Mme Caulfield se tint pour contente de n’avoir pas rencontré d’opposition chez sa sœur, avec qui la discussion était toujours difficile. Kathleen, en cette circonstance, avait été l’inspiratrice de sa mère. La jeune fille ne reconnaissait pas le joug de sa tante ; elle était bien convaincue que celle-ci ne nourrissait aucune idée de faire d’elle son héritière, et rendrait aux Gascoyne la fortune venue d’eux. Cette certitude ne l’empêchait pas, au contraire, d’aimer beaucoup Mme Gascoyne à qui Mme Caulfield eût été portée à toujours céder. Dominée par la situation de sa sœur, elle disait quelquefois à Kathleen :
— Ma chère, vous devriez céder à votre tante.
— Pourquoi ? demandait Kathleen. Parce qu’elle est riche ?
Et Mme Caulfield était forcée de s’avouer que c’était, en effet, la raison péremptoire à la soumission qu’elle préconisait.

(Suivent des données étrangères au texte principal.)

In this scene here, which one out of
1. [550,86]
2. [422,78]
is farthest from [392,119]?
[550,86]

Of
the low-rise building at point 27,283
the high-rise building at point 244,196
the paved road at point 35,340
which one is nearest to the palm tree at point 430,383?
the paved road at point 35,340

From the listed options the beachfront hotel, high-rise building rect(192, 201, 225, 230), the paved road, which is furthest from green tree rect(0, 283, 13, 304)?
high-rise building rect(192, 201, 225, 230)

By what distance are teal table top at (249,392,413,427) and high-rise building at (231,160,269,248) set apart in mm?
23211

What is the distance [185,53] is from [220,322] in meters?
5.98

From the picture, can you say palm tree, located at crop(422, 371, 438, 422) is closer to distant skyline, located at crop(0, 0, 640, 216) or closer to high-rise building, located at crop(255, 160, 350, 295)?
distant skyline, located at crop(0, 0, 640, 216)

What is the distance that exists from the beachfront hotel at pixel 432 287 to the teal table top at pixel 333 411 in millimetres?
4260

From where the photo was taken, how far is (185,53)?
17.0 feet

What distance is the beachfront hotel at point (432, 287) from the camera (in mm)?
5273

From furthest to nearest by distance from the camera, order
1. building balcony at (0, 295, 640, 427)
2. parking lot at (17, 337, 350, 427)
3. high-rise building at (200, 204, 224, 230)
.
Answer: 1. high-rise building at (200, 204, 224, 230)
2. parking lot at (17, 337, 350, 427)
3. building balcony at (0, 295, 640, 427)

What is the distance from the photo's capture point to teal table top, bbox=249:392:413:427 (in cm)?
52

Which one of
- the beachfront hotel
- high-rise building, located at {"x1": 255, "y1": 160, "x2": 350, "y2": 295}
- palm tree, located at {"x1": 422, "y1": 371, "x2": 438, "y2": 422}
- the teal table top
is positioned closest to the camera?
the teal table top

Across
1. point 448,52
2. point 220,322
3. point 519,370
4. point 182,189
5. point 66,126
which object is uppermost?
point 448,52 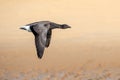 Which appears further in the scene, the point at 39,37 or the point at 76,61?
the point at 76,61

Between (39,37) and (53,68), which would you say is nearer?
(39,37)

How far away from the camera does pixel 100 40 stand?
16.0ft

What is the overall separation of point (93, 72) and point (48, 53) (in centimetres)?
54

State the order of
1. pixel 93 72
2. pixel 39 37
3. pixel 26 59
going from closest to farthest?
pixel 39 37
pixel 93 72
pixel 26 59

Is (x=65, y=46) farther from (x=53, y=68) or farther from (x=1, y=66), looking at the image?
(x=1, y=66)

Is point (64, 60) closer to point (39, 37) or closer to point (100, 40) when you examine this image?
point (100, 40)

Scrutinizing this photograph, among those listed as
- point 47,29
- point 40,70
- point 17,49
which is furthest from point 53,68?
point 47,29

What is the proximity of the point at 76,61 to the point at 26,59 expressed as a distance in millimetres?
491

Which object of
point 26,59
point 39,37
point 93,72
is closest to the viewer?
point 39,37

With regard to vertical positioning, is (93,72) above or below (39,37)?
below

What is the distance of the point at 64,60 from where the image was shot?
4.77 metres

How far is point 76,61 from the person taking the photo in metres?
4.75

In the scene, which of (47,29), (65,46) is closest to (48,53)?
(65,46)

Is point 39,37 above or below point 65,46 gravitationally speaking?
above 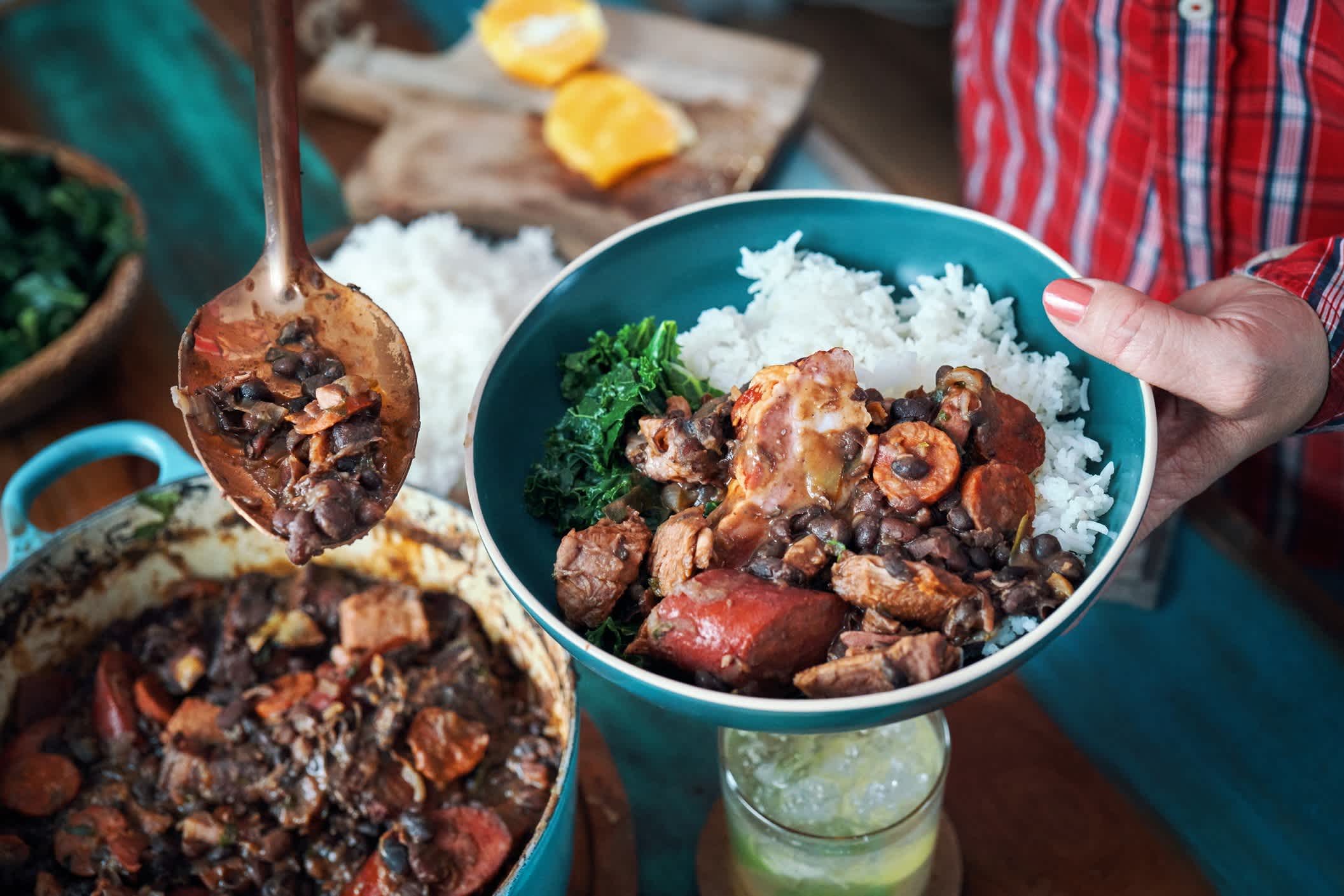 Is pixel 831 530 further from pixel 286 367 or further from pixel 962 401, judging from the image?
pixel 286 367

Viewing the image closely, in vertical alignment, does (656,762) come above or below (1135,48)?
below

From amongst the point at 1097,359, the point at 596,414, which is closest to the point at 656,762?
the point at 596,414

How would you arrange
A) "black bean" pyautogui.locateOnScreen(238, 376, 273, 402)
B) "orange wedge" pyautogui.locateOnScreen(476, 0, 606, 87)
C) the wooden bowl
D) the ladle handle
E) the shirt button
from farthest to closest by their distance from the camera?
1. "orange wedge" pyautogui.locateOnScreen(476, 0, 606, 87)
2. the wooden bowl
3. the shirt button
4. "black bean" pyautogui.locateOnScreen(238, 376, 273, 402)
5. the ladle handle

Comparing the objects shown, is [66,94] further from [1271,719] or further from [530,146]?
[1271,719]

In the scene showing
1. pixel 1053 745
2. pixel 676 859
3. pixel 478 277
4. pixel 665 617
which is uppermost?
pixel 665 617

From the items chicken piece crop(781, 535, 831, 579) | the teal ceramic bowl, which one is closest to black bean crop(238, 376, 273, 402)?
the teal ceramic bowl

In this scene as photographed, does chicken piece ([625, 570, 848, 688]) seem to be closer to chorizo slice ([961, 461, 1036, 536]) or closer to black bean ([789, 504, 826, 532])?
black bean ([789, 504, 826, 532])

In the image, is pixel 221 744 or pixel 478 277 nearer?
pixel 221 744

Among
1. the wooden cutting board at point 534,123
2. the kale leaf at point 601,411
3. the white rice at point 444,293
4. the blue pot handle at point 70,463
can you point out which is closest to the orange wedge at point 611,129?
Result: the wooden cutting board at point 534,123

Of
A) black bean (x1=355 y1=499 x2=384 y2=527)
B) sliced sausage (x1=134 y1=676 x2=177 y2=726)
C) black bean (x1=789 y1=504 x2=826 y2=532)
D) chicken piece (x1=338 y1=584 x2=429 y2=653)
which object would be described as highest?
black bean (x1=789 y1=504 x2=826 y2=532) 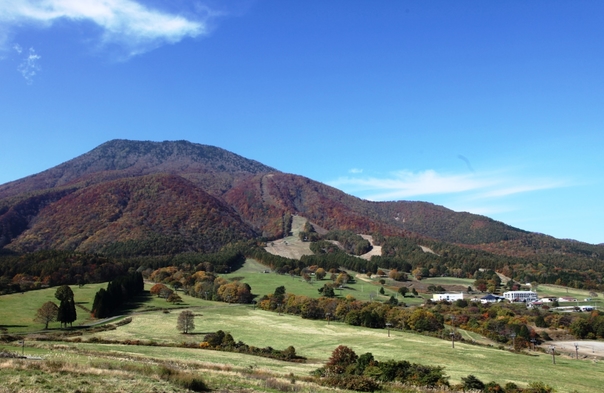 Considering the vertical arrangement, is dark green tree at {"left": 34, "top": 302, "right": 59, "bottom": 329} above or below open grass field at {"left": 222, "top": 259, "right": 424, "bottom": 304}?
below

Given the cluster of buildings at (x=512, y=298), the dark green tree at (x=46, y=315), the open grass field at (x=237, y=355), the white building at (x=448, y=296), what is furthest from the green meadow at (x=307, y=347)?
the cluster of buildings at (x=512, y=298)

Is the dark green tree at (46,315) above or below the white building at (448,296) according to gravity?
below

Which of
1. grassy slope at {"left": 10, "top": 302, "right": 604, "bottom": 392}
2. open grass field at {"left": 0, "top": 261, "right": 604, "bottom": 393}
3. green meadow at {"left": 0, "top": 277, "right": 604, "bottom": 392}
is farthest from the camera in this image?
grassy slope at {"left": 10, "top": 302, "right": 604, "bottom": 392}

L’attitude de Kathleen rendait par le fait le plus grand service aux deux sœurs, et maintenait leurs relations sur un pied d’égalité qu’elles n’eussent pas conservé sans elle.
En conséquence, Mme Hurstmonceaux, peu de jours avant son départ pour Marienbad, eut l’ineffable satisfaction de recevoir la carte de Mme Caulfield, accompagnée de la requête : « Recevait-elle ? »
L’affirmative ravie fut donnée immédiatement.
— Je crois bien, je crois bien. Boddle, dans le grand salon ; je viens, je viens à l’instant. Qu’on prévienne miss Charmoy, et qu’on lui demande de venir me rejoindre. Miss Charmoy est chez le colonel.